5. Use animation economy and exaggeration
Indies can’t animate everything. Use economy—animated key moments only—and exaggeration to sell personality.
Actionable steps
- Allocate animation budget to player-facing loops (failures, pickups, emotes).
- Use 2D squash-and-stretch or 3D exaggeration for comedic effect; it reads on low bandwidth clips.
- Replace full animations with partial, layered animations (upper torso talk + idle lower body) to save memory.
6. Leverage procedural and reactive systems
In 2026, accessible procedural tools and AI-assisted motion retargeting let indies create variety without a large animation team. Reactive systems make characters feel alive—tiny changes based on context create attachment.
Actionable steps
- Implement parameterized reactions (fear-intensity, embarrassment-level) that drive voice and animation layers.
- Use lightweight procedural tools for head turns, eye darts, and subtle breathing to avoid looping sameness.

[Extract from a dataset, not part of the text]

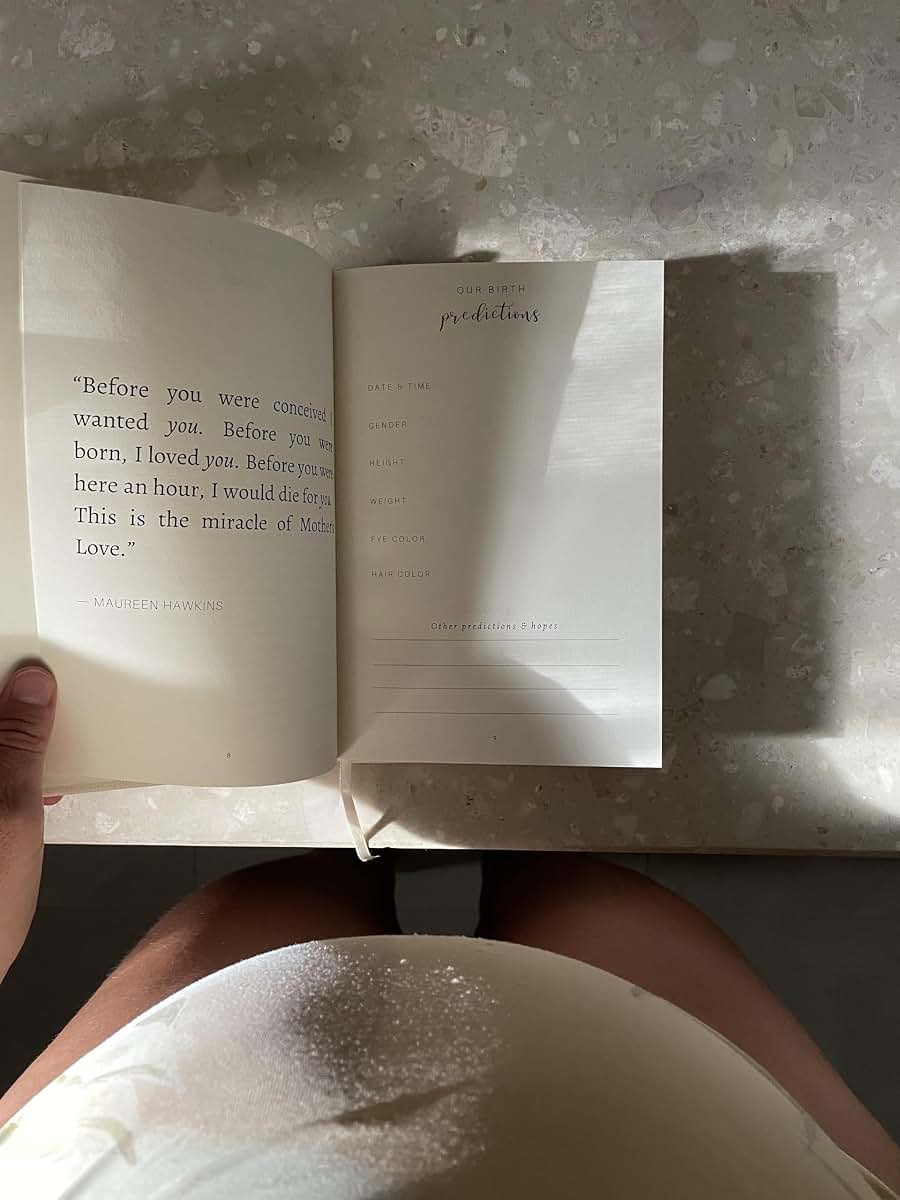 Campos & Olives Keepsake Pregnancy Journal With Linen Hardcover (photo 2)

- Experiment with AI-assisted lip-sync for rapid iteration but keep editorial control to avoid uncanny valleys.
7. Anchor the character in a small, evolving arc
Players don’t need a sweeping epic to care—they need change. Nate climbs, screws up, learns, and in the process earns player support. That small arc is repeatable and shareable.
Actionable steps
- Define a short arc with three beats (flaw exposed, choice, consequence) and ensure the player participates in each beat.
- Use cosmetic milestones and badges when players help the character grow—this links player action to narrative payoffs.

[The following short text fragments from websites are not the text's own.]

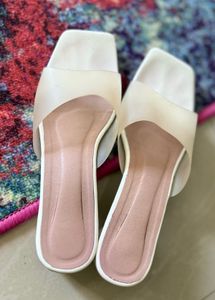 Shoetopia Women’s White Block Heel Mules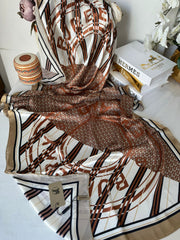 Burberry Çift Taraflı İthal Vual İpel Şal 78631 - Mocha - Latte - Organic ScarfsOrganic Scarfs
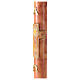 Paschal candle with Alpha, Omega and cross with sun on orange marble finish 120x8 cm s4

- Keep the stakes personal and specific. Small, human stakes beat vague world-ending threats for attachment.
8. Put the character in player-facing loops
Make your protagonist part of the systems players return to: emotes, cosmetics, unlockable dialogue, and shareable moments. That keeps the character in conversations long after release.
Actionable steps
- Build an emote system with 8-12 character-specific animations optimized for social clips.
- Offer small narrative drops via achievements or collectibles that expand the protagonist’ voice.
- Design photo-mode or replay snippets that highlight the character's worst and best moments for posting.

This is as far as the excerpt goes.